# [EXCERPTED RECORDS]
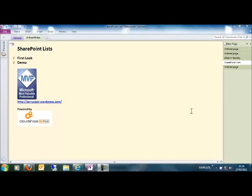Hello and welcome everybody, my name is Jerry Asir and I'm a SharePoint MVP. In this session we're going to look at a very important piece of information in SharePoint called lists. Lists are integral part of SharePoint - almost everything in SharePoint is saved in a list.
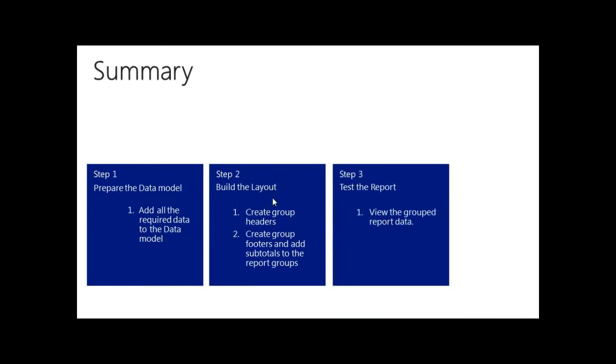Finally, we tested the report and we also saw how the data was grouped in our report.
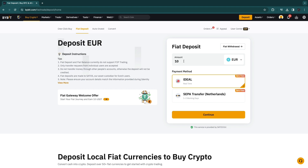Now here you want to choose how much you want to deposit — I will do 10 euros — and you want to select your fiat currency, so for me this will be euro.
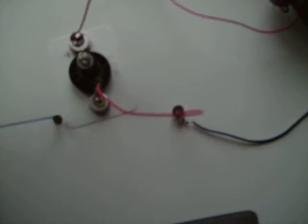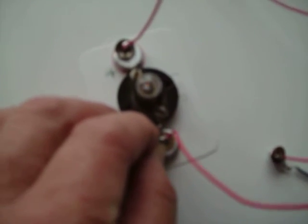Now when we put this in, some of the current, some of the electricity, will go through the light and go back to the battery, and some of it will go through that motor and go back to the battery. So we turn it on. The light was just glowing. Oh yeah, you can see the light was just glowing.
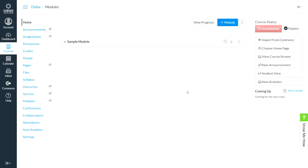We're going to look at two different ways that you can embed the virtual manipulatives into your course in Canvas. Now every Canvas installation is a little bit different, so yours might behave a little bit differently. If the process we go through here doesn't work for you, you need to contact your Canvas administrator and talk to them about what you're trying to do, and they can hopefully help you get that set up. But we found this works in most Canvas courses.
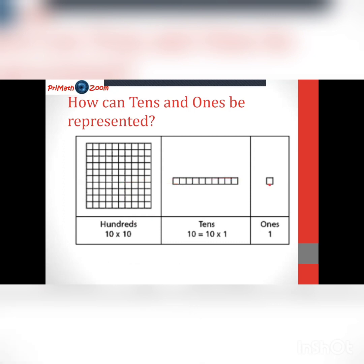If we know that ten ones give us one ten, and ten tens give us one hundred, can you now make a guess as to how many ones we can get from the hundreds? We can get one hundred ones from the hundreds.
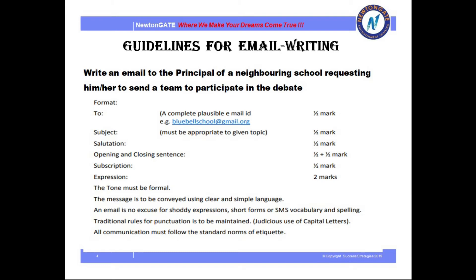According to the guideline, the question is: write an email to the principal of a neighboring school requesting him or her to send a team to participate in the debate. First, we have to give the email address of the person to whom we are going to send it. For this question I have given the email address: bluebellschool@gmail.org. This is very necessary, especially for email writing. Next comes the subject — the subject must be on an appropriate topic.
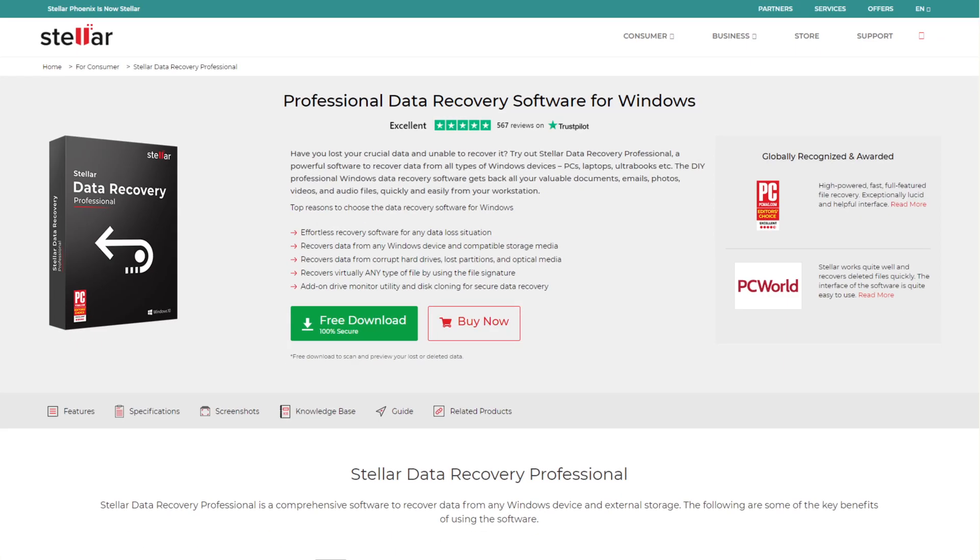Stellar Data Recovery Professional helps you in recovering lost or inaccessible hard drive partitions in case of any partition loss situation.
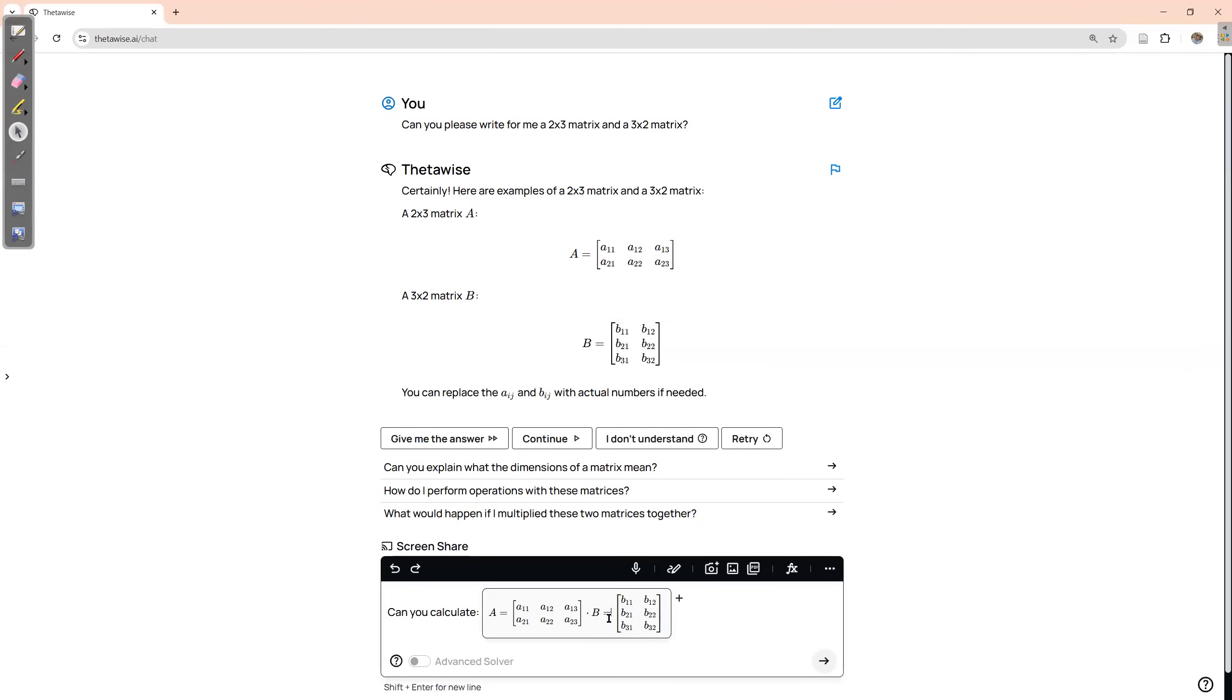Okay, so now I can enter my own numbers. Let me pause the recording, fill in the entries of the matrices, and then we can continue.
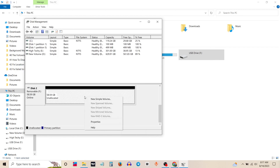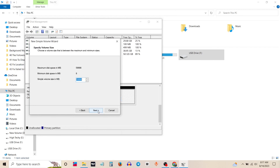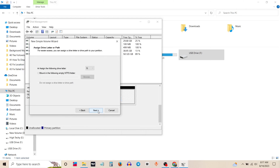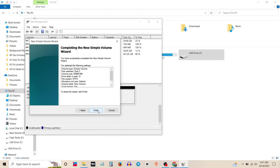Right click on the removable disk. Click on next, again click on next, now click on finish.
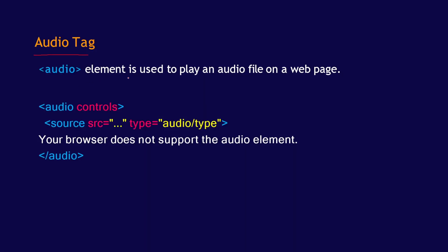The audio element is used to play an audio file on a web page. So this is how the code goes. You have to open the audio tag and close the audio tag, in which you are going to have an embedded file that is called the source tag.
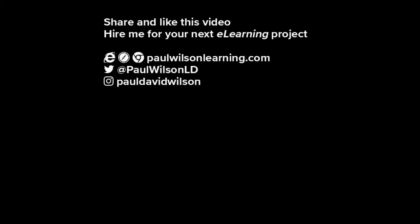If you thought this video was useful please share it with your colleagues. If you need help with your next e-learning project consider hiring me. My focus is to create effective e-learning that helps you achieve your business goals. Visit my website at paulwilsonlearning.com, follow me on Twitter at paulwilsonld, and don't forget to subscribe to my YouTube channel.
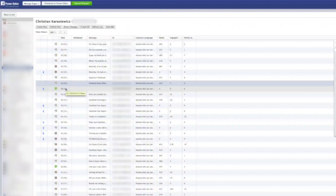A lot of times people will create a lot of ads, they'll do a lot of testing with this, and they end up with a whole bunch of dark or unpublished posts. These are the ones that have the moon icon here.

# [BRIEF]
From the line containing "If you thought" to the last line of the records, inclusive, output the lines exactly as written and nothing else; leave out the pictures.

# [ANSWER SPACE]
If you thought this video was useful please share it with your colleagues. If you need help with your next e-learning project consider hiring me. My focus is to create effective e-learning that helps you achieve your business goals. Visit my website at paulwilsonlearning.com, follow me on Twitter at paulwilsonld, and don't forget to subscribe to my YouTube channel.
A lot of times people will create a lot of ads, they'll do a lot of testing with this, and they end up with a whole bunch of dark or unpublished posts. These are the ones that have the moon icon here.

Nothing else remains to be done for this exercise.